— Given information —
------------------------------------------------------------
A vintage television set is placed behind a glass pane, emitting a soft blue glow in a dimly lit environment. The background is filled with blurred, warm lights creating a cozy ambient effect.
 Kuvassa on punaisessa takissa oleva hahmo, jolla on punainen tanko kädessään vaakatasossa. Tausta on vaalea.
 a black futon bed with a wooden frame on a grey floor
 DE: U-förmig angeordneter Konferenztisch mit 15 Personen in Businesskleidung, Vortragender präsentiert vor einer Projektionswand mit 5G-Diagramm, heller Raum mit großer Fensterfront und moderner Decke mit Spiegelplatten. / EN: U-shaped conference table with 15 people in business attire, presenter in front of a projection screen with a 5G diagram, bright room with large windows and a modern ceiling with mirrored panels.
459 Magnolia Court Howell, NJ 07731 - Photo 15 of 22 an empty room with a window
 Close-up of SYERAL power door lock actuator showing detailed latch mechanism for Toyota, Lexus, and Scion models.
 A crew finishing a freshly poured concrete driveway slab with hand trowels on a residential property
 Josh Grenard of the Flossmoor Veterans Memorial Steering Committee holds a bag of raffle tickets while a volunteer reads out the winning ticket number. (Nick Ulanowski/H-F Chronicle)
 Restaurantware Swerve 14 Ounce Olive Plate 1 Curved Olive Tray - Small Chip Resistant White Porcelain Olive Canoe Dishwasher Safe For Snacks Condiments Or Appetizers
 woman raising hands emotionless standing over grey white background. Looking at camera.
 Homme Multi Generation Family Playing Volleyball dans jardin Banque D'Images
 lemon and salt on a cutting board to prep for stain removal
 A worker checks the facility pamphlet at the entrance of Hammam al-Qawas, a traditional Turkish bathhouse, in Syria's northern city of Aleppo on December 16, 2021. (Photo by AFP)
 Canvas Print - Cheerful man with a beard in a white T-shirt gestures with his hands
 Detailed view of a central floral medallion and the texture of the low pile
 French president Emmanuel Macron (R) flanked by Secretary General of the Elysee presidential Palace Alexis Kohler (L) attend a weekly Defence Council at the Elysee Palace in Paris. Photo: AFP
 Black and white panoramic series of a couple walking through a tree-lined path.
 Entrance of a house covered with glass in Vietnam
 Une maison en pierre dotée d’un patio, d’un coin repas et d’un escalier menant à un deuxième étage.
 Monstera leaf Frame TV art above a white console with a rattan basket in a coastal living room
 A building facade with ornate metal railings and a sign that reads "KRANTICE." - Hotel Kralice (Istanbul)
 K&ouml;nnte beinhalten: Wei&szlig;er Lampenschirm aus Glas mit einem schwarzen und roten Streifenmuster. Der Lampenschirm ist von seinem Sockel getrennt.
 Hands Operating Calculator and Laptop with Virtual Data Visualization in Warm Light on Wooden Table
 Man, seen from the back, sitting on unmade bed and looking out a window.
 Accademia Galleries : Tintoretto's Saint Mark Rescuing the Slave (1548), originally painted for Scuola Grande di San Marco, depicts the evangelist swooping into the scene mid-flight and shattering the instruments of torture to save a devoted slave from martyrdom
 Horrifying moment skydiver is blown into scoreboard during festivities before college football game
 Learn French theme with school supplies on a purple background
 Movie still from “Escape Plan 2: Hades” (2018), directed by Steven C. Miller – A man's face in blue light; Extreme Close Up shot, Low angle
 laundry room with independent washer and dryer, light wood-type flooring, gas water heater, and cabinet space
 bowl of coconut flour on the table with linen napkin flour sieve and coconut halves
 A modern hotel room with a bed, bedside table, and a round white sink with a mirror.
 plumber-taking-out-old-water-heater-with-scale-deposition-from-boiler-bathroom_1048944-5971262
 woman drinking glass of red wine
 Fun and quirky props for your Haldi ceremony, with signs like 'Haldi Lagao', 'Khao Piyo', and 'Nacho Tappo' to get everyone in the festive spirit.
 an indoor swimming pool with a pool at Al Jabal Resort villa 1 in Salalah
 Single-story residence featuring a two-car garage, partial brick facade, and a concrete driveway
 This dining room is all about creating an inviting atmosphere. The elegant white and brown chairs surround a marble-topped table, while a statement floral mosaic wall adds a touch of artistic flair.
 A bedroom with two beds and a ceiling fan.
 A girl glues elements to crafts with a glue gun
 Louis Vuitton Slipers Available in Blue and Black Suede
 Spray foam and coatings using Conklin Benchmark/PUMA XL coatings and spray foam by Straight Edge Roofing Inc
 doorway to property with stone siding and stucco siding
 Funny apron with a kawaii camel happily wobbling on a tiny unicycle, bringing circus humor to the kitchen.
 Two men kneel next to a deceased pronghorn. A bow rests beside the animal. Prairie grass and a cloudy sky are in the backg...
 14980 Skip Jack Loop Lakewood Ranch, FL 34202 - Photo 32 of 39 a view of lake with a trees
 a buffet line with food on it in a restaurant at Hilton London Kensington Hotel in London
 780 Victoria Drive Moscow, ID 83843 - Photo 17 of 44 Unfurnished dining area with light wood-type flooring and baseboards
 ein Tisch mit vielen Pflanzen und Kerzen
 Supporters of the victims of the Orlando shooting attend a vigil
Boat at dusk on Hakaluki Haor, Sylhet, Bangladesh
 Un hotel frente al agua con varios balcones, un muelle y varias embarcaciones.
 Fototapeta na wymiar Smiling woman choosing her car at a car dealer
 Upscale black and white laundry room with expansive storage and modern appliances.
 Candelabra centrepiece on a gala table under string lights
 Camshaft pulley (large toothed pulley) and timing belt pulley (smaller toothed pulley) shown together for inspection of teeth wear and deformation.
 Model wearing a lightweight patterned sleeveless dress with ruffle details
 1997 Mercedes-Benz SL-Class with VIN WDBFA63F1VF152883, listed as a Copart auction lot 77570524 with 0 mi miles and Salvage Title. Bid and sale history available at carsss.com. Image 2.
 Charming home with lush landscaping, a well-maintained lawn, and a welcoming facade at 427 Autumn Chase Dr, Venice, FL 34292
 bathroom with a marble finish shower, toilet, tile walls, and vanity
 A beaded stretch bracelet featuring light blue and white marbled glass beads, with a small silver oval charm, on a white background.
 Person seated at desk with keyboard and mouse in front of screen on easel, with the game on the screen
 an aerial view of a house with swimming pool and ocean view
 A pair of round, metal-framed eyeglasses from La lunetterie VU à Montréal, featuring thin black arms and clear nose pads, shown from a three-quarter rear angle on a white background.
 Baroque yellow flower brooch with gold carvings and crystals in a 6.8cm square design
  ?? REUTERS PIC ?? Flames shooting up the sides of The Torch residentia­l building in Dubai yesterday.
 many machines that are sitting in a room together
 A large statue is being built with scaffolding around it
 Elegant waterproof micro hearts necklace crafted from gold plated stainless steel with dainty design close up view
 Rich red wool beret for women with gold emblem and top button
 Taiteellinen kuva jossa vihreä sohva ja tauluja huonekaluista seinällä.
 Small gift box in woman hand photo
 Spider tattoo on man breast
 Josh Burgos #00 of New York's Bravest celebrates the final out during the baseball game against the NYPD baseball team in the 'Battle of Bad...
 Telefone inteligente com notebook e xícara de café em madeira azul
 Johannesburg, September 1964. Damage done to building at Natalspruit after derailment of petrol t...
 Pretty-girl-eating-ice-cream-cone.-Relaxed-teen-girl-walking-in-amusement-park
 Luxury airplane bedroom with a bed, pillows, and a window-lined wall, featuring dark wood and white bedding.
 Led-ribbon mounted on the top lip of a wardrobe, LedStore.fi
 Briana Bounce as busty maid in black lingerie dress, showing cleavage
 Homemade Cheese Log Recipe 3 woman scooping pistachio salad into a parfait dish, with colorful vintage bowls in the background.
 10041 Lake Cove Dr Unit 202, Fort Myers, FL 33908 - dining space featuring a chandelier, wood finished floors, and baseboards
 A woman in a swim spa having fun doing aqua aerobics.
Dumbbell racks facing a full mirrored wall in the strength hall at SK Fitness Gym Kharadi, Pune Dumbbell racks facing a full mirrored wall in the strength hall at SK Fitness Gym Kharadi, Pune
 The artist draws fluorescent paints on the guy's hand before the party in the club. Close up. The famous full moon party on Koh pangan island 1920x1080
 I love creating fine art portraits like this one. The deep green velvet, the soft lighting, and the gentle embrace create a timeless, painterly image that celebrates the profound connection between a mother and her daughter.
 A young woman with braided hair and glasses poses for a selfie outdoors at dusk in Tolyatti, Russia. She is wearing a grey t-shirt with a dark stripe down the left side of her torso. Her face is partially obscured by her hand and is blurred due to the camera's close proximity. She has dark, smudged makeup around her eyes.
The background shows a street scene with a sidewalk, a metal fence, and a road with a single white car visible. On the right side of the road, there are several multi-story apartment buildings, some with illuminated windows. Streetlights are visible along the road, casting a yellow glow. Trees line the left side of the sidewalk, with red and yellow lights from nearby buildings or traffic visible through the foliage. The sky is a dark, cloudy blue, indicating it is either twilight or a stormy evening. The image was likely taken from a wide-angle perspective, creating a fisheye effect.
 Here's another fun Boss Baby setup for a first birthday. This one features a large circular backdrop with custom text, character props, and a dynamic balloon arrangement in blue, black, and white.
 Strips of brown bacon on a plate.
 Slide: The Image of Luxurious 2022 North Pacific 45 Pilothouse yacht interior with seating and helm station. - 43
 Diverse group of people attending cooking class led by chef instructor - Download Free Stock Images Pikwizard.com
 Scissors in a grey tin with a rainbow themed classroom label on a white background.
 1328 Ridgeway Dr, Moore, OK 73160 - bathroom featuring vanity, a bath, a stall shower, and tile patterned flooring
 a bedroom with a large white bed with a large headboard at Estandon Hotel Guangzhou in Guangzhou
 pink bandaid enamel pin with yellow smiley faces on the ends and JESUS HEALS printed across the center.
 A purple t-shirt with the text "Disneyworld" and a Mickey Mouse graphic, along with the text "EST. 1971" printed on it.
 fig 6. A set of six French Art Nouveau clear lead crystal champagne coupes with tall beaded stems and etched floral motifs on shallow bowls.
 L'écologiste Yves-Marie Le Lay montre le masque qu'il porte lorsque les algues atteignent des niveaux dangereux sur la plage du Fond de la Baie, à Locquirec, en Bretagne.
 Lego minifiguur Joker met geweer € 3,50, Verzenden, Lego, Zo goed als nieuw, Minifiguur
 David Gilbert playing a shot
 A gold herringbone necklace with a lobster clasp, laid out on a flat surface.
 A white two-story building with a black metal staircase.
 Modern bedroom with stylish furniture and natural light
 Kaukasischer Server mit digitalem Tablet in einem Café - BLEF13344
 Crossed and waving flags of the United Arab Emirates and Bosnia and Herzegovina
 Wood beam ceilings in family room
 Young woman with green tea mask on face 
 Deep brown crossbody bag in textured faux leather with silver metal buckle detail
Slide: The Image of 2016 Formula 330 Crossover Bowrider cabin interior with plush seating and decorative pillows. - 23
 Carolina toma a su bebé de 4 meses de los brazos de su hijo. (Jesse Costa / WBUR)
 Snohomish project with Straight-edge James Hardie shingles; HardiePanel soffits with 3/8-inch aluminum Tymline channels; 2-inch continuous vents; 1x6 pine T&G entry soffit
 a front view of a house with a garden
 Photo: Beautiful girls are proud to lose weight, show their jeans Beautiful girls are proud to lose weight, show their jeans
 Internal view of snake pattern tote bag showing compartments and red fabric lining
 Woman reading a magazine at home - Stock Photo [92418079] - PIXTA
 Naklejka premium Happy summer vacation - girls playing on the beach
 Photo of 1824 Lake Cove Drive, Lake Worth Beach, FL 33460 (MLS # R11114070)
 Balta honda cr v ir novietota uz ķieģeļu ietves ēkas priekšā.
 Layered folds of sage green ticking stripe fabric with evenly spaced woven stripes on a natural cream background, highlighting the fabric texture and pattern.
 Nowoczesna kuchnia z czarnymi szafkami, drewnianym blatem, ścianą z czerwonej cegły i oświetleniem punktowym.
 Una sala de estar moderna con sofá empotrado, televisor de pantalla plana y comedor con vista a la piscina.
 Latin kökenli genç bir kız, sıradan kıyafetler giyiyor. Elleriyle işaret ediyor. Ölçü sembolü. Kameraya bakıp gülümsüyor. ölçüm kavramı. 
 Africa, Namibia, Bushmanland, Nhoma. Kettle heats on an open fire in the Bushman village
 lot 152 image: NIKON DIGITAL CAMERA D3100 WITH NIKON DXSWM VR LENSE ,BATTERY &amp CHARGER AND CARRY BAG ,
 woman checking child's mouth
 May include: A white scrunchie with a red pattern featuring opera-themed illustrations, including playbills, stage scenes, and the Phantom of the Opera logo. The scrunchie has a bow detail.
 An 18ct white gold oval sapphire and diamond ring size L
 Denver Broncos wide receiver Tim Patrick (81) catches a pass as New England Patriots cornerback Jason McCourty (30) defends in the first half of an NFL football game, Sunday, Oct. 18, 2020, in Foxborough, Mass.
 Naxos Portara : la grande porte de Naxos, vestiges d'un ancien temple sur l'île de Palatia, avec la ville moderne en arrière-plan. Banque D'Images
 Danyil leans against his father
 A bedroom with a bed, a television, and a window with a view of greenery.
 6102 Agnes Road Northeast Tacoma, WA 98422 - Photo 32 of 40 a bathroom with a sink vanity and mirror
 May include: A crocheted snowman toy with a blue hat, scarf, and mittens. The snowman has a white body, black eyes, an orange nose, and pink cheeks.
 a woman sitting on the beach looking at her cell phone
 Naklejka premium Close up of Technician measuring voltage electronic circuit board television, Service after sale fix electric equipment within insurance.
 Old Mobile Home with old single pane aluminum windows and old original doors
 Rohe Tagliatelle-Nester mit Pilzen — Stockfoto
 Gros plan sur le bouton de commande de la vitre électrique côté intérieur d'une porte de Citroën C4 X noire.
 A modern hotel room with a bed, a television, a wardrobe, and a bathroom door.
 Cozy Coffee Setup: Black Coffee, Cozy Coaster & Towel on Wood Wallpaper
------------------------------------------------------------
— Exercise —
Each line of the entries that contains the word "showing" should be listed.

— Answer section —
 Close-up of SYERAL power door lock actuator showing detailed latch mechanism for Toyota, Lexus, and Scion models.
 Briana Bounce as busty maid in black lingerie dress, showing cleavage
 Internal view of snake pattern tote bag showing compartments and red fabric lining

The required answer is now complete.